• What you have to do
In the records below, find the line that contains "Tiny photo for" and the line that contains "9-Bedroom Villa with", then retype exactly those two lines and every line between them.

• Input
*** Block opens ***

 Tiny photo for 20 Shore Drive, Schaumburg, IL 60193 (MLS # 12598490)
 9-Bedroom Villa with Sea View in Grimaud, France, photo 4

*** Block closes ***
*** Block opens ***

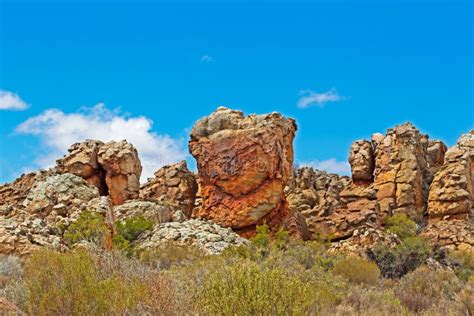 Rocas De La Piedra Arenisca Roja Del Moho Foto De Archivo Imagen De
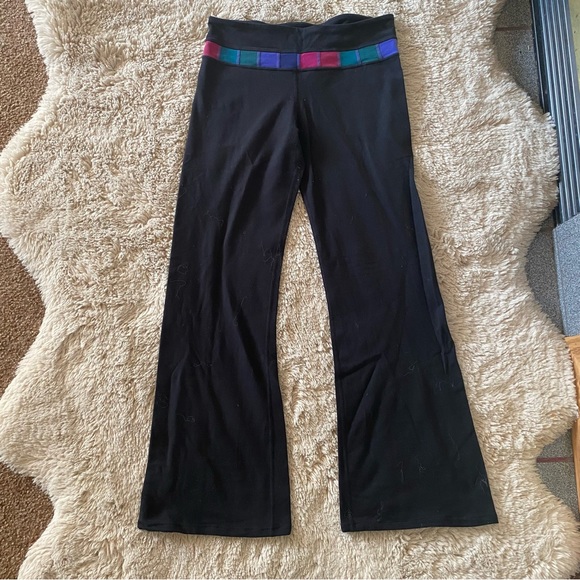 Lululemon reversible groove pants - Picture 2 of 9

*** Block closes ***

• Answer to the problem
 Tiny photo for 20 Shore Drive, Schaumburg, IL 60193 (MLS # 12598490)
 9-Bedroom Villa with Sea View in Grimaud, France, photo 4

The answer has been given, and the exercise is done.